Collected data
□ □ □ □
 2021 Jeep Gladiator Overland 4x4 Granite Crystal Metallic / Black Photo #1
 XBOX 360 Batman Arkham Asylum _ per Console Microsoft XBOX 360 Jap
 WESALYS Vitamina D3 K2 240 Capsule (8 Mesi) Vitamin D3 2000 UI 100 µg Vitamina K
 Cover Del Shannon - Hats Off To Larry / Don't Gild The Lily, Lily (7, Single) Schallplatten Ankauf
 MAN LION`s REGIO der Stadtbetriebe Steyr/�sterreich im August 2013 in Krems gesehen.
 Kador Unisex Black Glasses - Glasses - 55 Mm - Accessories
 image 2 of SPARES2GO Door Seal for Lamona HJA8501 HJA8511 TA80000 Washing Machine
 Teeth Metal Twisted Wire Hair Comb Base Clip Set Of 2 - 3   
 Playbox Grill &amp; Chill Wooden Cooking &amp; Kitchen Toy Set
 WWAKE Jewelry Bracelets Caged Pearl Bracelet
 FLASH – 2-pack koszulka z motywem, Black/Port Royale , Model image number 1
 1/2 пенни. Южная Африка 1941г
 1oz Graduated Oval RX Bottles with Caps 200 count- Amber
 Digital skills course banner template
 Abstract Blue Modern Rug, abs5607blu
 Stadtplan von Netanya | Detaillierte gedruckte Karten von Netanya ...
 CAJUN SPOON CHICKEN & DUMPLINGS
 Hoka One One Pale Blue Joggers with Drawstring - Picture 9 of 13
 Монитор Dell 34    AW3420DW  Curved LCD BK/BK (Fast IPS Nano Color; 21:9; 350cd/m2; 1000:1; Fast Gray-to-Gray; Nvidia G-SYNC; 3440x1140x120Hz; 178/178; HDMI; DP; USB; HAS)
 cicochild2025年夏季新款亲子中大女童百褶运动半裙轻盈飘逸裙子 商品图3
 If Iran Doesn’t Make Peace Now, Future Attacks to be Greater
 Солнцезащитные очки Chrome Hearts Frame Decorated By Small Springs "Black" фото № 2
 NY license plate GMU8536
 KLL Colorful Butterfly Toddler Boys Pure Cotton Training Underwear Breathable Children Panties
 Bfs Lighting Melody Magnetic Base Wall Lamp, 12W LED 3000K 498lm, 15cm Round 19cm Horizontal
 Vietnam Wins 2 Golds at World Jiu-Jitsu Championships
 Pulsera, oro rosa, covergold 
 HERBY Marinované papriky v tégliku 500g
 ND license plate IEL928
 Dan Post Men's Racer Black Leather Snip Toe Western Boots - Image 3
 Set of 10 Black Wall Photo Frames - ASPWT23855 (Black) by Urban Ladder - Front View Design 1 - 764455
□ □ □ □
● **What is expected**
Report each line in the data that holds the word "license".

● **Answer to the problem**
 NY license plate GMU8536
 ND license plate IEL928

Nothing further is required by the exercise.